Advanced typing structures - how to express your types better and make your code more robust.

Posted on śro 23 lutego 2022 in Python


Contents

Static typing has gone through a rough way in Python community. Finally, it's becoming a production standard as typed code lets you catch bugs faster. Moreover, I bet that anyone who started using it and was tasked to refactor the code months later, can clearly see its huge benefits.

In this post, we're going to focus on advanced structures offered by Python typing module. These structures help you better express your typing intents.

Here's a list of topic we'll cover in this post:

Generics

Let's imagine a following scenario:

from typing import Any

def first(seq: list[Any]) -> Any:
    return seq[0]

First of all, try to avoid using Any in your codebase. According to mypy docs:

A static type checker will treat every type as being compatible with Any and Any as being compatible with every type.

In the long run, this will obviously result in bugs hiding in your code. In simple terms, Any disables type checker. To solve this problem, you can use generics. The code would look like this:

from typing import TypeVar

T = TypeVar('T')
def first(seq: list[T]) -> T:
    return seq[0]

first_item = first([1,2,3])

mypy now knows that first_item has type int and will use this information for further type checking. That's the power of generics. They let you preserve information about types. Additionally, you can restrict TypeVar to specific types.

from typing import TypeVar

T = TypeVar('T', int, float)
def first(seq: list[T]) -> T:
    return seq[0]

first_item = first([1,2,3]) # Ok
another_first_item = first(["1","2","3"]) # Throws an error!

If you need to be less restrictive, you can use T = TypeVar('T', bound=float) to allow all subtypes for a specified type.

Finally, generics help you solve a common problem that you'll eventually see in any large codebase. Imagine that an intention of a developer is to create a function that adds two numbers of the same type, but supports additions for int and float. Here's an implementation using basic types:

from typing import Union

def add(first: Union[int, float], second: Union[int, float]) -> Union[int, float]:
    return first + second

add(1, 2.1) # Shouldn't be allowed, yet mypy doesn't complain

Unfortunately, with this type annotations, nothing blocks a client from calling add(1, 2.1). Mypy is not able to catch the following error and add function becomes unstable in terms of type that is returned. Here's how you can fix this using generics:

from typing import TypeVar

T = TypeVar('T', int, float)

def add(first: T, second: T) -> T:
    return first + second

add(1, 2.1) # mypy throws an error!

This implementation clearly shows the intention of a developer. Now, only numbers of the same type can be added.

Protocols

We all have gone down the road of writing code where objects are inheriting multiple times (or worse, we're asked to take over a codebase that does it). This becomes a problem when we start typing our code as mypy errors start to scream. Protocol is a great solution to add type annotation for methods that really matter to you. Here's an example:

from typing import Protocol

class MyProtocol(Protocol):
    a: str
    def set_a(self, new_value: str) -> None: ...
    def get_a(self) -> str: ...

def some_function_gazylion_modules_away(obj: MyProtocol) -> str:
    obj.set_a("1")
    return obj.get_a()

Now, any time some_function_gazylion_modules_away is used, it expects an object that has a attribute and two methods with an exact same type signature. It doesn't matter if object that is passed implements some additional methods. Only characteristics specified in Protocol definition are important for a type checker.

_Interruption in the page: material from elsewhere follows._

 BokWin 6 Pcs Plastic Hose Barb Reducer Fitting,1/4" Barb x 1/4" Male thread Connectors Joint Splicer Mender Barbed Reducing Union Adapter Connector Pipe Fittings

Additionally, Protocol can be checked at runtime when you decorate it with runtime_checkable.

from typing import Protocol, runtime_checkable

@runtime_checkable
class MyProtocol(Protocol):
    a: str
    def set_a(self, new_value: str) -> None: ...
    def get_a(self) -> str: ...

Callable

Mypy offers Callable type. For an object to be a valid Callable, it must implement the __call__ method. Callable has the following syntax:

Callable[[<list of input argument types>], <return type>]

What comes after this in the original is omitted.